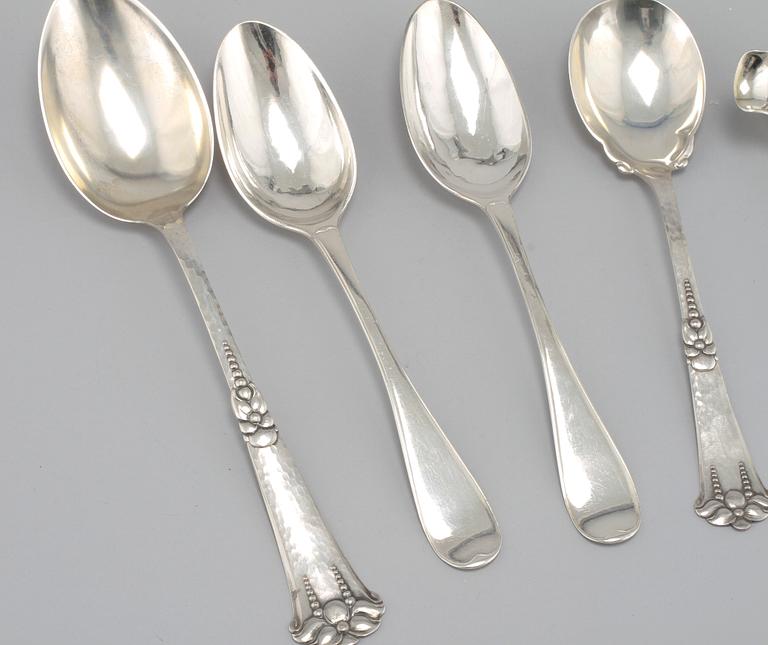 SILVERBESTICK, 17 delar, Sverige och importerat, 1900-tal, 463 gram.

■ ■ ■ ■

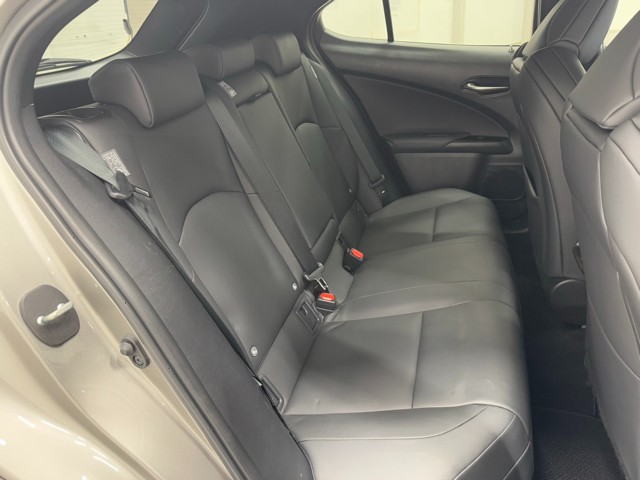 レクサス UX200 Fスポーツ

■ ■ ■ ■

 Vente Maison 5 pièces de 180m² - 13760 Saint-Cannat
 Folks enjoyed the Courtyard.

■ ■ ■ ■

• _TASK PROMPT_
For this exercise, output exactly the lines above from the line with "Vente Maison 5" to the line with "Folks enjoyed the Courtyard.", counting both, and leave out the rest.

• _RESPONSE TO THE EXERCISE_
 Vente Maison 5 pièces de 180m² - 13760 Saint-Cannat
 Folks enjoyed the Courtyard.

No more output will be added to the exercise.